Subject | Re: [firebird-support] IN operator performance |
---|---|
Author | marco bianchini |
Post date | 2009-12-23T01:20:43Z |
i got it, thanks,
M$- payed support (at least in italy) is really worst than your, 4 free.-
ill try tomorrow your suggestion, converting with exists.
im still thinking that FB is a really GREAT db, and sorry if i made an
unusefull question... but really i was needing it to improve since
months.. thanks again
merry christmas :)
2009/12/23 Alexandre Benson Smith <iblist@...>
M$- payed support (at least in italy) is really worst than your, 4 free.-
ill try tomorrow your suggestion, converting with exists.

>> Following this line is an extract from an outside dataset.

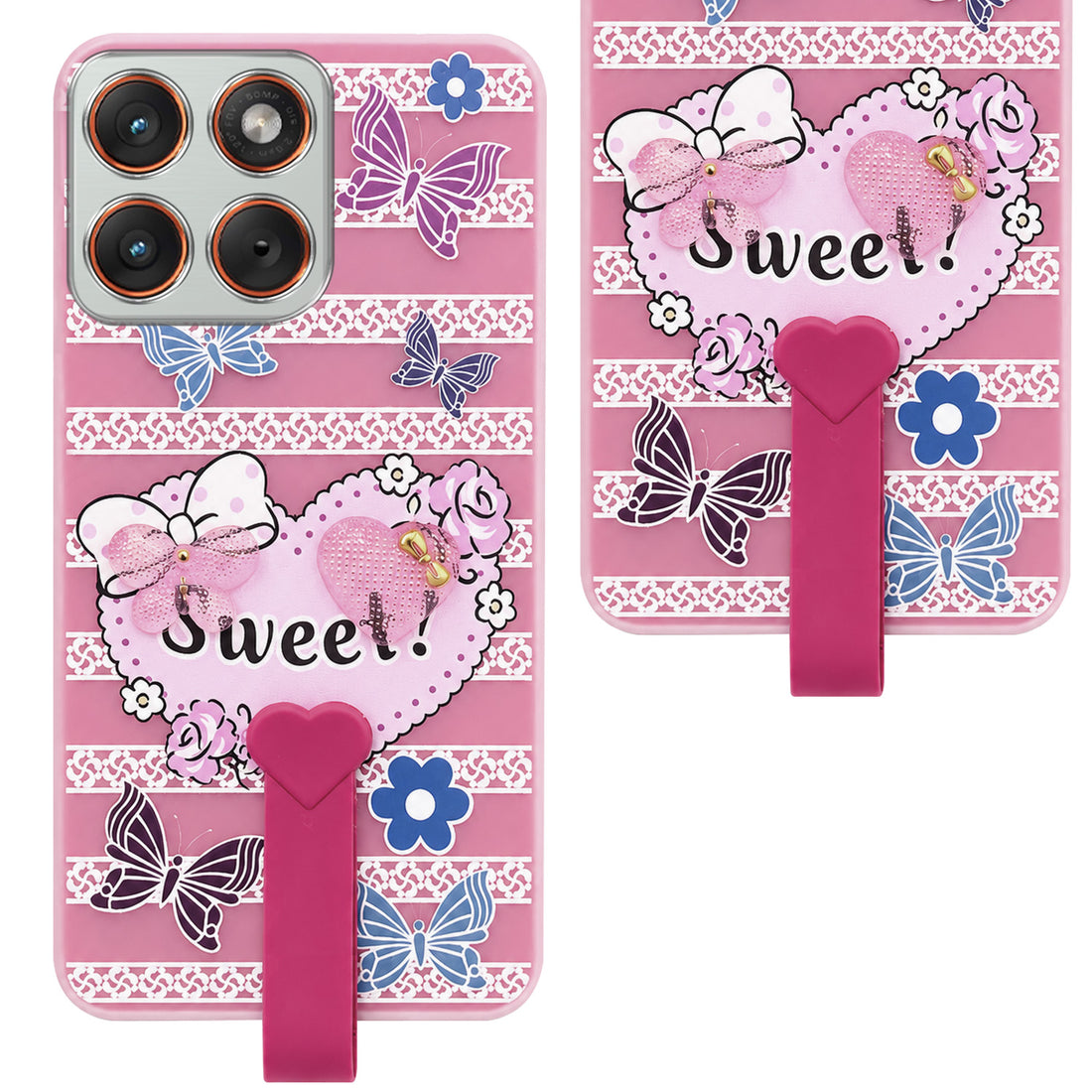 For Motorola Moto Edge 70 Back Cover Case (3D Cute Heart Strap Holder | Camera Protection | Designer Girls Print)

im still thinking that FB is a really GREAT db, and sorry if i made an
unusefull question... but really i was needing it to improve since
months.. thanks again
merry christmas :)
2009/12/23 Alexandre Benson Smith <iblist@...>
>[Non-text portions of this message have been removed]
>
> Hi !
>
> Em 22/12/09 20:14, marco bianchini escreveu:
>
> > hi, im so interested about IN clause too,
> > id like to ask also why:
> >
> > A) .. where afield in (select bfield from [some millions row])
> >
>
> select * from TableA where Field1 in (select Field2 from TableB)
>
> is internally transformed to
>
> select * from TableA where Field1 exists (select * from TableB where
> TableB.Field2 = TableA.Field1)
>
> so, if TableA is big it will be slow, because it needs to touch every
> record of TableA.
>
> if TableA is not big and TableB.Field2 is indexed, it should have a good
> performance.
>
> The first impression (at least from my point of view) is that the above
> query would be splited into 2, something like:
>
> Select Field2 from TableB (store it on a "cache")
>
> select * from TableA were Field1 in (list generated by the the previous
> query), but it's NOT the sub-query is executed one time for each record
> on TableB.
>
> FB 1.X (IIRC) would use an index for such query, but FB 2.X will NOT use
> the index, because of some null handling condition, FB 1.5 is faster for
> such query, but could give wrong results in some cases, FB 2.X is
> slower, but will always give a correct result.
>
> My sugestion is to use EXISTS instead of IN for such queries, I think
> you will have much better performance.
>
>
> > B) .. where afield in (select distinct bfield .... (some houndreds row in
> > resultset, same table of A)
> >
>
> Same as above, perhaps a bit slower because of the DISTINCT (sort on the
> internal table)
>
>
> > C) .. where afield in (select<distinct> bfield ....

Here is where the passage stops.